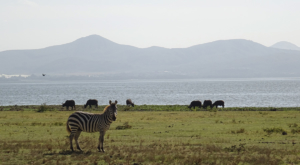 sensations-voyage-album-photos-kenya-walking-safari-naivasha-zebre-crescent-island-4
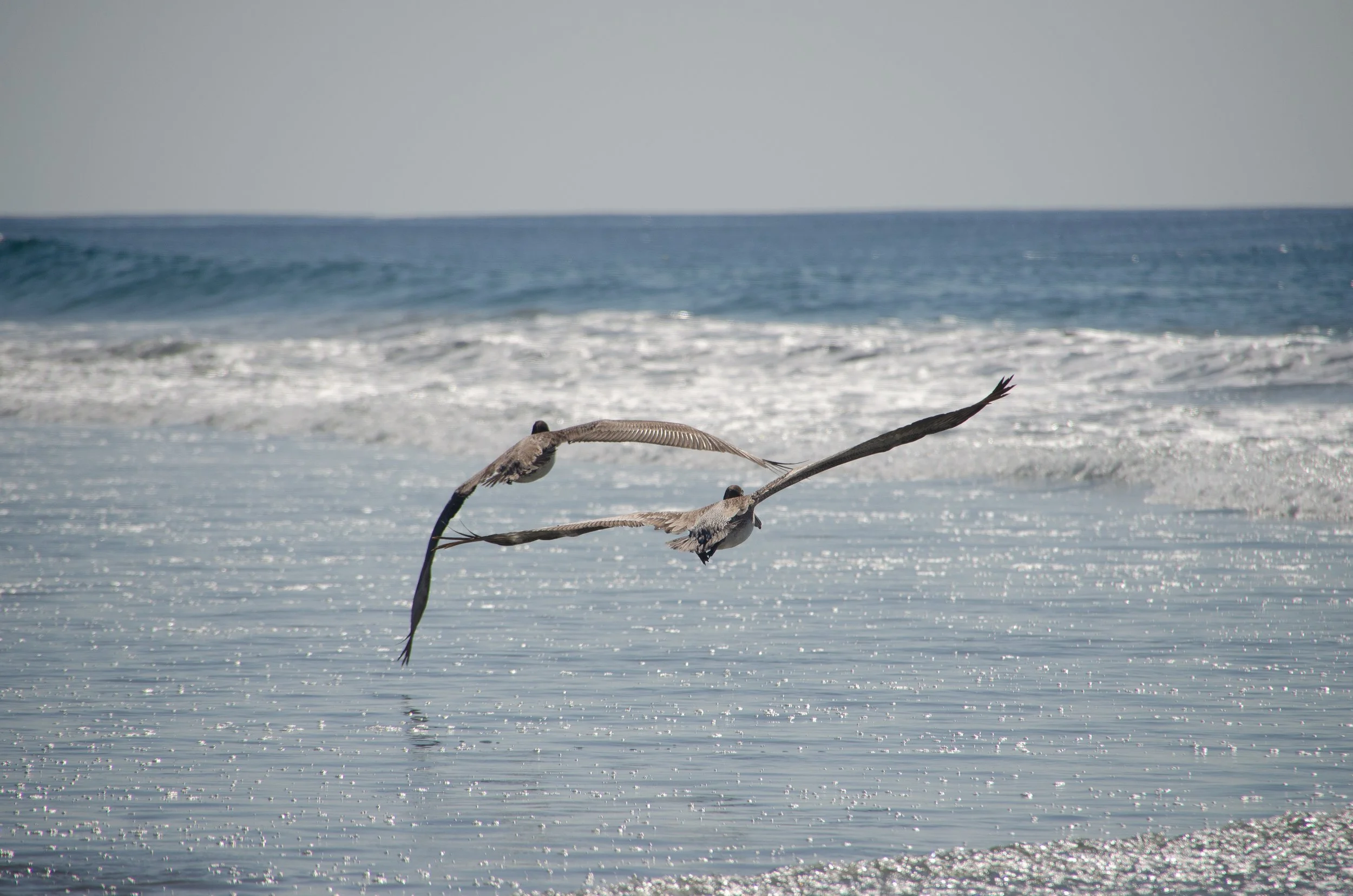 Puerto Escondido, Oaxaca, México, 2023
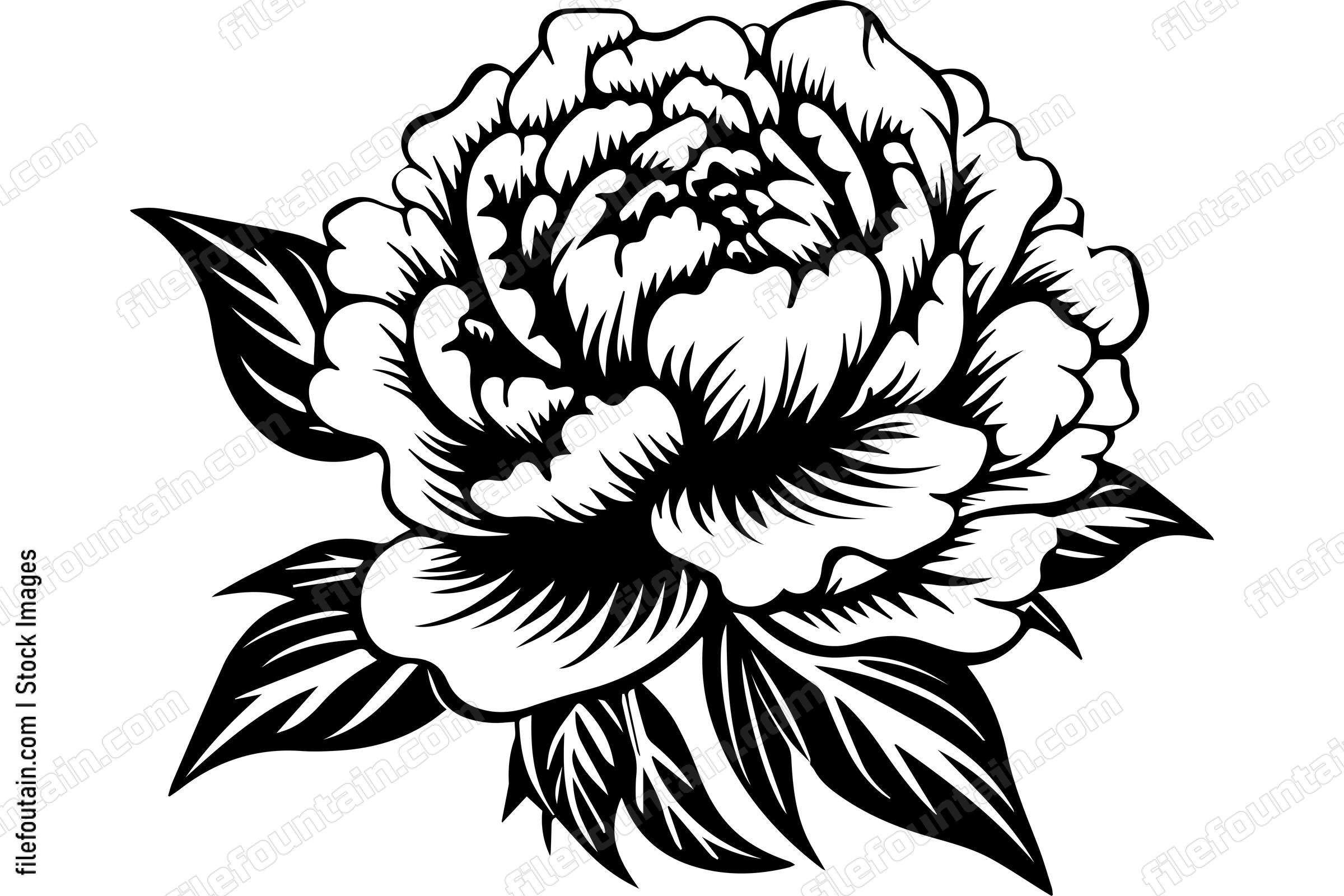 Light Peony Flower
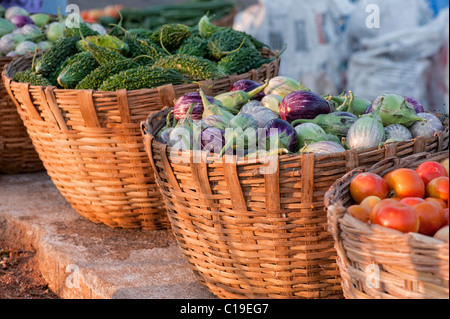 Auberginen/Auberginen, Tomaten und bitteren Kürbis in Körben an einem indischen Markt. Andhra Pradesh, Indien Stockfoto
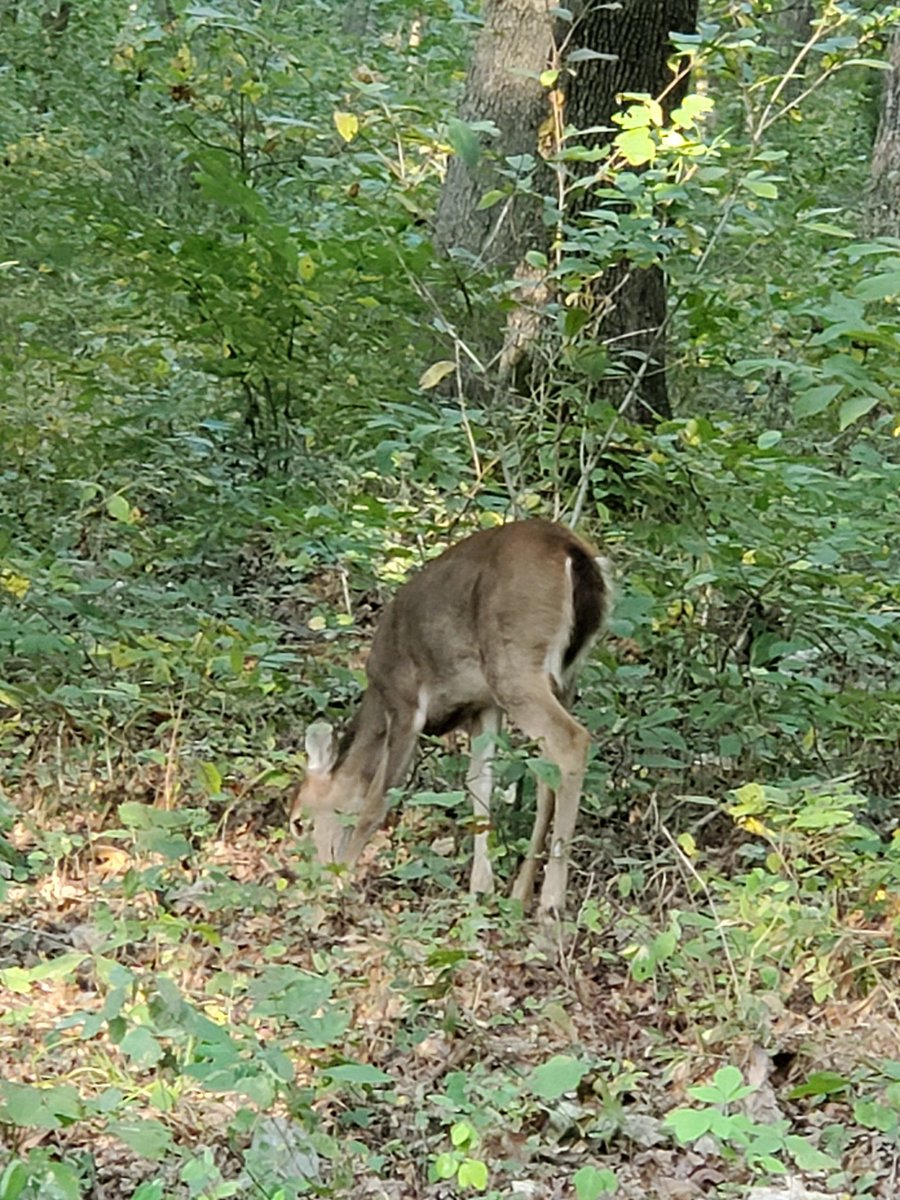 Good day for radio and fishing in EM36. Otters and a beaver for spectators.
--------------------------------------------------
WORK REQUEST: Copy exactly the lines from the line containing "Auberginen/Auberginen, Tomaten und" through the last line of the records, both included, and omit every picture.

ANSWER BOX:
 Auberginen/Auberginen, Tomaten und bitteren Kürbis in Körben an einem indischen Markt. Andhra Pradesh, Indien Stockfoto
 Good day for radio and fishing in EM36. Otters and a beaver for spectators.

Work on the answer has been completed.